### Work instructions
Wherever the word "Women" appears in the entries, copy the whole line.

*** Opening of Input for this task ***

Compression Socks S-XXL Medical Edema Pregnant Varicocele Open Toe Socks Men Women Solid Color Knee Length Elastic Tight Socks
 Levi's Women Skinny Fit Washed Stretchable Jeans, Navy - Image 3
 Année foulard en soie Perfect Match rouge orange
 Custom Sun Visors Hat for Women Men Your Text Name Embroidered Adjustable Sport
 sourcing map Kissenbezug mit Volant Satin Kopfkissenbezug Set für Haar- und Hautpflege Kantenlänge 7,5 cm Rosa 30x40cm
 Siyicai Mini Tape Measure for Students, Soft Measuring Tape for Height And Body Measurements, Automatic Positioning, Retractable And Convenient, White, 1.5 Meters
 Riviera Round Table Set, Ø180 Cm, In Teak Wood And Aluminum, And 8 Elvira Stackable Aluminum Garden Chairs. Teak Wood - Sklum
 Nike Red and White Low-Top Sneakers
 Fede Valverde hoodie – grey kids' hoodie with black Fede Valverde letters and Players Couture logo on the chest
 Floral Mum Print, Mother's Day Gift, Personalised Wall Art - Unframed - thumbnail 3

*** Close of Input for this task ***

### Answer box
Compression Socks S-XXL Medical Edema Pregnant Varicocele Open Toe Socks Men Women Solid Color Knee Length Elastic Tight Socks
 Levi's Women Skinny Fit Washed Stretchable Jeans, Navy - Image 3
 Custom Sun Visors Hat for Women Men Your Text Name Embroidered Adjustable Sport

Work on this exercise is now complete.